Back when we sent messages through the U.S. mail, about a million years ago, we all needed to think through what we wanted to say. Now our written communication is disposable. We push buttons -- our thoughts appear and vanish like spit on a griddle -- and we rarely, if ever, consider how our messages are received. As a result, I lose half of my day dealing with emails from time-wasters who have nothing to offer to me or to my company. So I've made it my mission to reeducate the writers of crap email on the etiquette of basic communication.

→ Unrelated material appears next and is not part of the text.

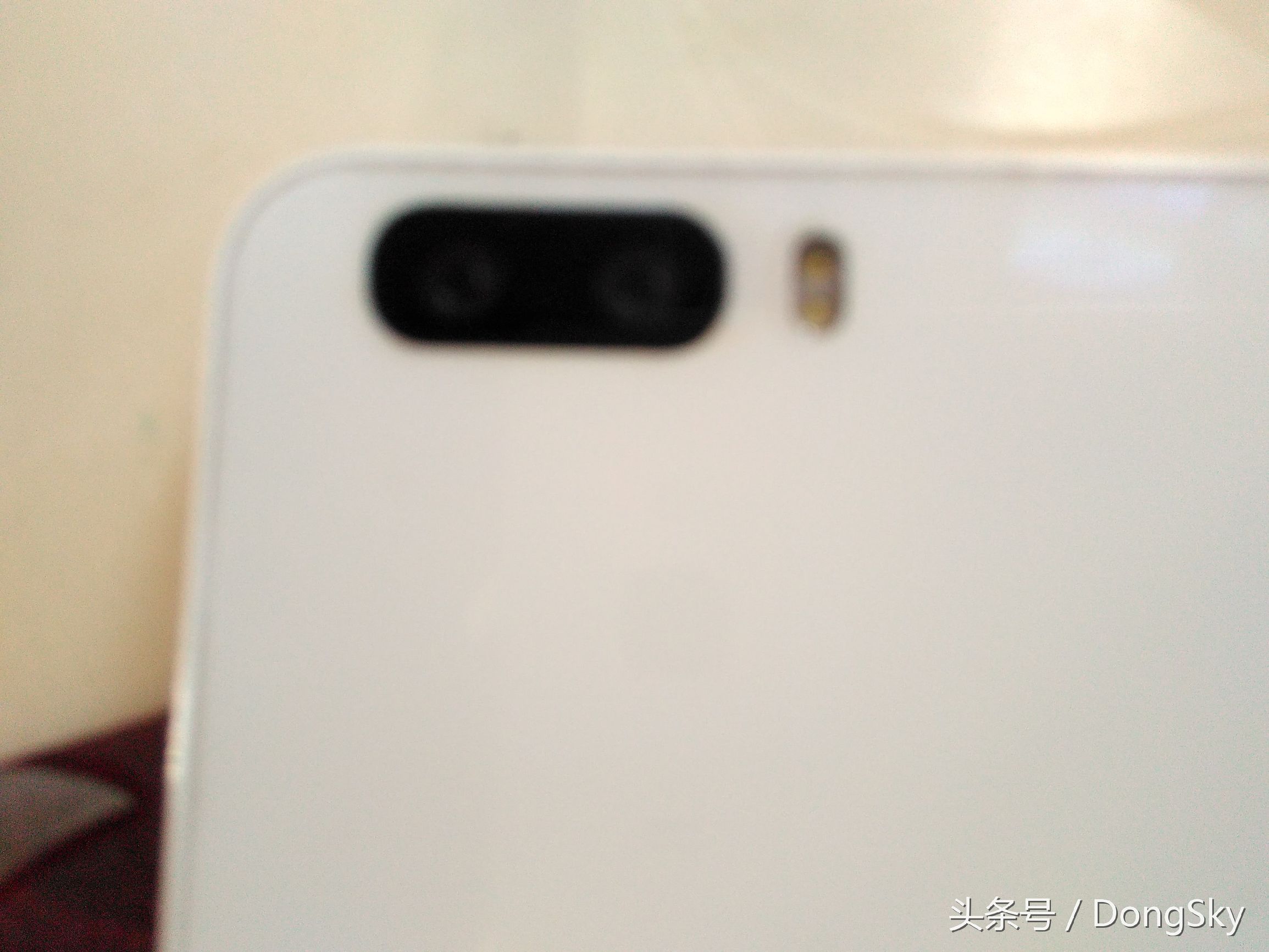 荣耀6plus是不是第一款双摄像头,荣耀6plus双摄像头是不是假的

I make it my job to "scour the waterfront" and to research the latest trends in media and other areas that I'm immersed in, looking for material that I can point out to my clients and contacts. So I'll often send an email with some thoughts on an issue, or a link to a news story that might interest a fellow executive I've met or befriended. It's amazing how many of them don't even bother to respond with a "thank you" -- this is just the way it is now. Then two years later they'll email me asking for work or an introduction on LinkedIn or Facebook. Meanwhile, I'm thinking, "Where were you before -- or is that not the issue?"

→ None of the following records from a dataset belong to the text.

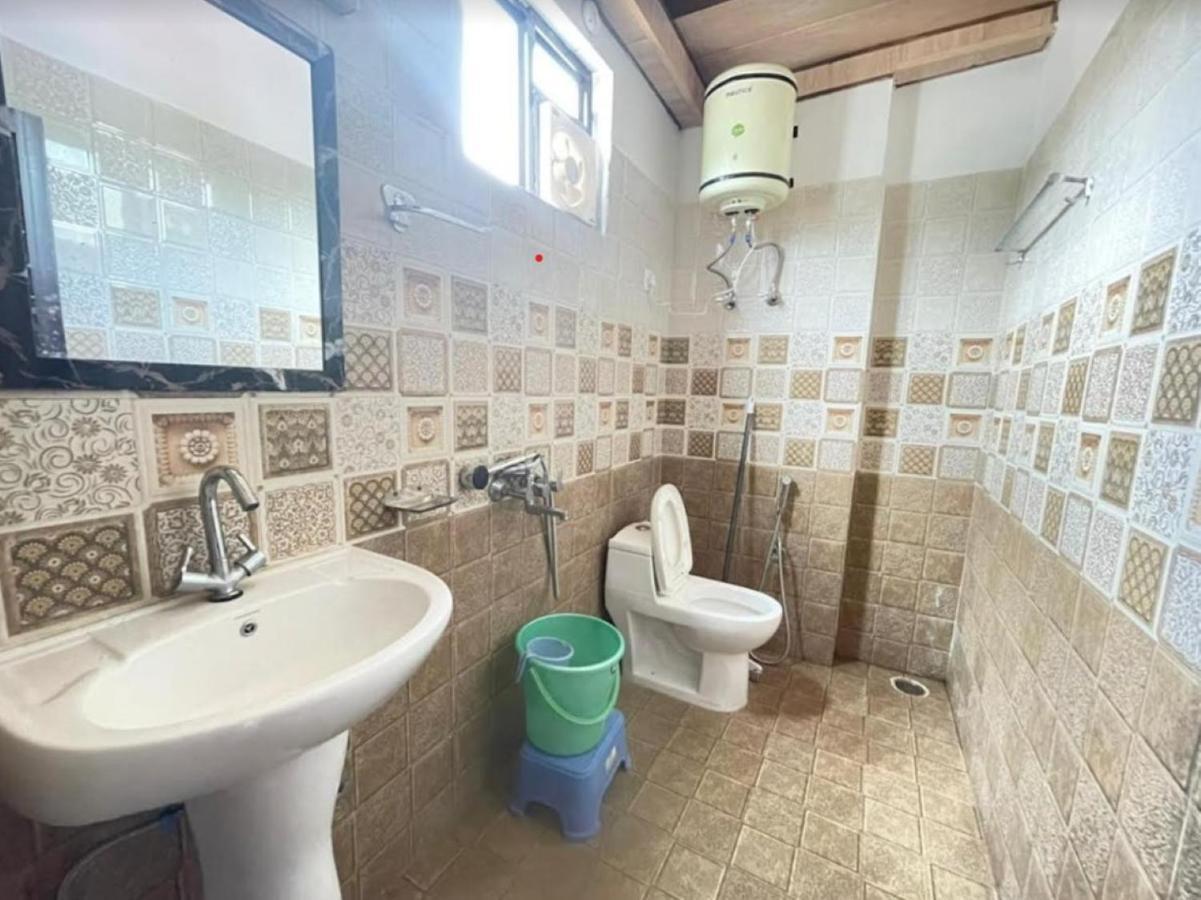 Oak Wood Homestay Banikhet Dalhousie Εξωτερικό φωτογραφία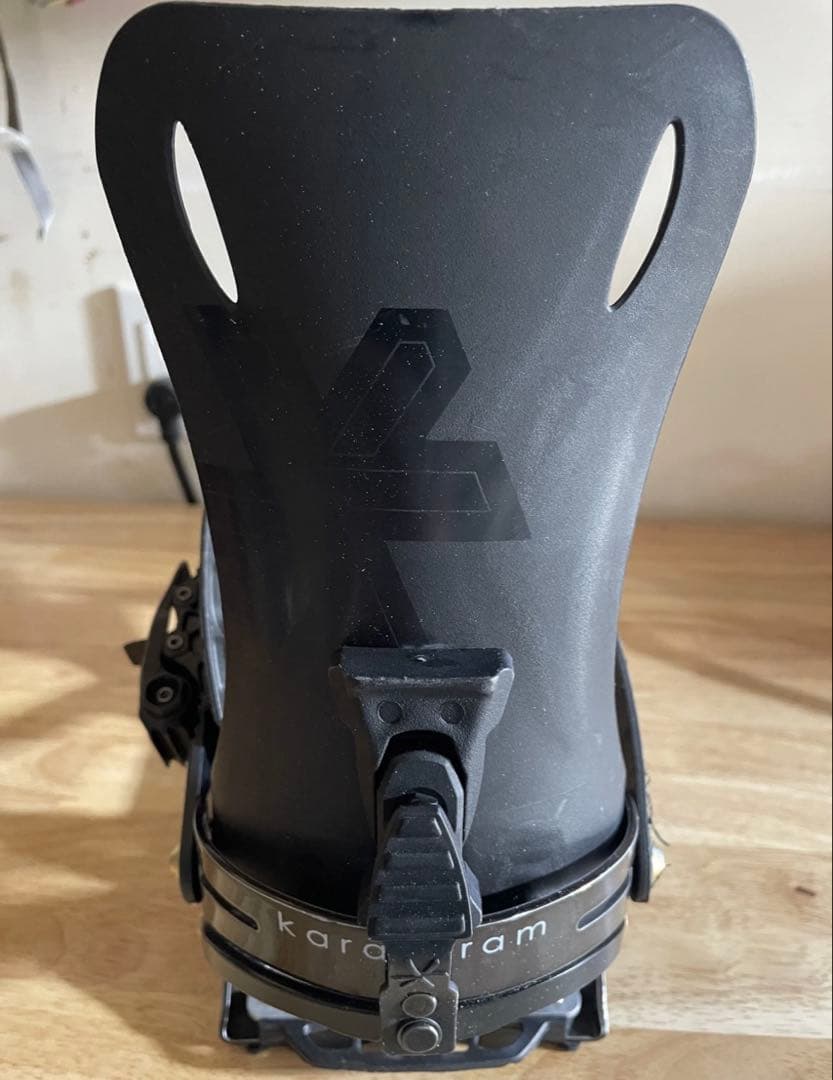 karakoram カラコラム　スプリットボード　ビンディング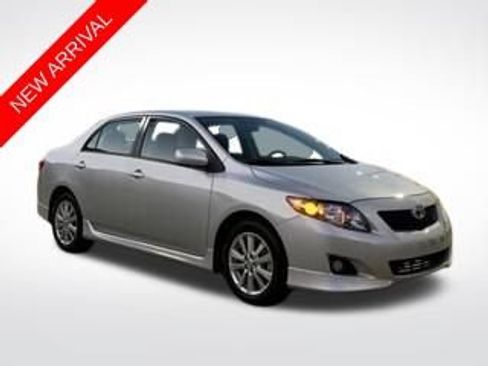 Used 2010 Toyota Corolla LE FWD image 1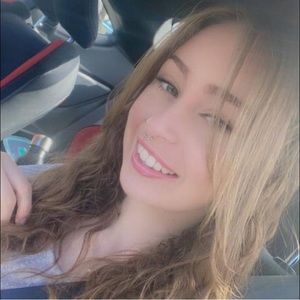 Meet your Posher, Ebony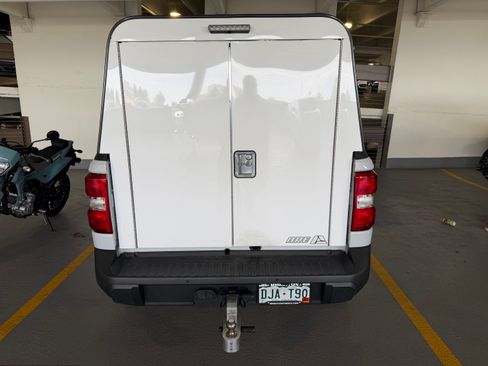 Used 2025 Ford Maverick XLT w/ Equipment Group 301A AWD/4WD image 4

Other times strangers will write me with the vaguest of requests. One guy sent me a message on Twitter the other day with: "I'm trying to move from real estate into the film PR industry, and someone [I don't even really like] said you could help me."

How does one respond to that question? I attempted anyway, asking, "What do you mean I can help you? Do you want me to write your resumé and take you to Brooks Brothers for a fitting? How about an actual question that merits a realistic answer?"

He unfollowed me.

What about me?

I'm a busy guy -- I am proud of my social life; who the Hell has one these days? -- and I just don't have time to help anyone unless I stand to gain something (anything) from them. So when people write asking me for favors -- like help with finding an agent or writing a book proposal -- I'll write back with the Dictionary.com definition of quid pro quo: "one thing in return for another." Sometimes I'll just send them to the fabulous site Let Me Google That for You.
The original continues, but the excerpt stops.